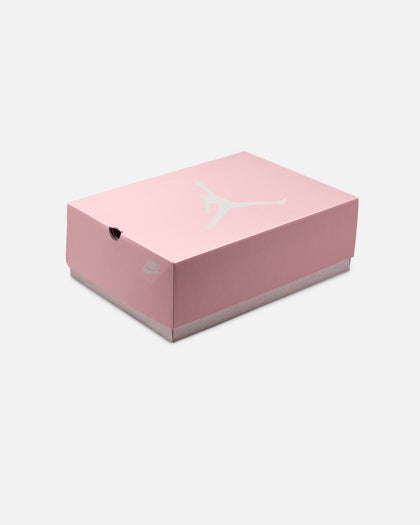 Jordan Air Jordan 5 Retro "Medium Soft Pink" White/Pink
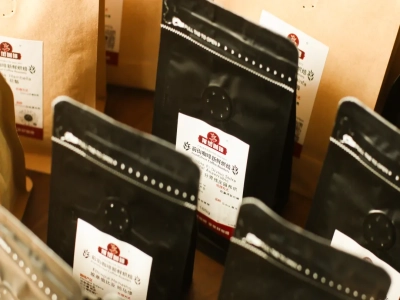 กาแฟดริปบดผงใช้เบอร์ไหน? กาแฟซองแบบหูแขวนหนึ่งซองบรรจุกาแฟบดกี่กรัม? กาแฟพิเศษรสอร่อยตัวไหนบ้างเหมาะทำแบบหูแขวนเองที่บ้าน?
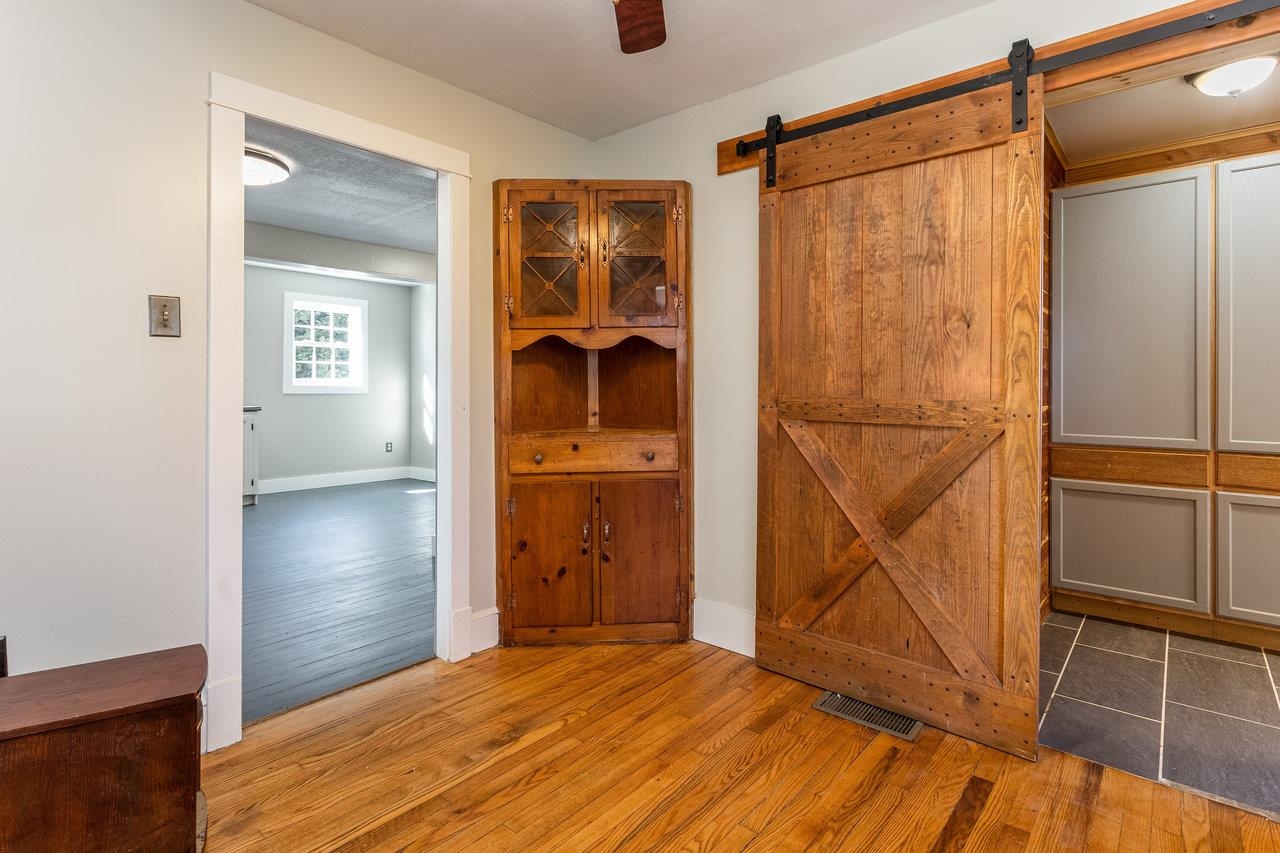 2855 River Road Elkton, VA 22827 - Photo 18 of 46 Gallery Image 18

Exercise aim ▸ Reproduce the entire listing above precisely, but keep the images out.

Answer area ▸
 Jordan Air Jordan 5 Retro "Medium Soft Pink" White/Pink
 กาแฟดริปบดผงใช้เบอร์ไหน? กาแฟซองแบบหูแขวนหนึ่งซองบรรจุกาแฟบดกี่กรัม? กาแฟพิเศษรสอร่อยตัวไหนบ้างเหมาะทำแบบหูแขวนเองที่บ้าน?
 2855 River Road Elkton, VA 22827 - Photo 18 of 46 Gallery Image 18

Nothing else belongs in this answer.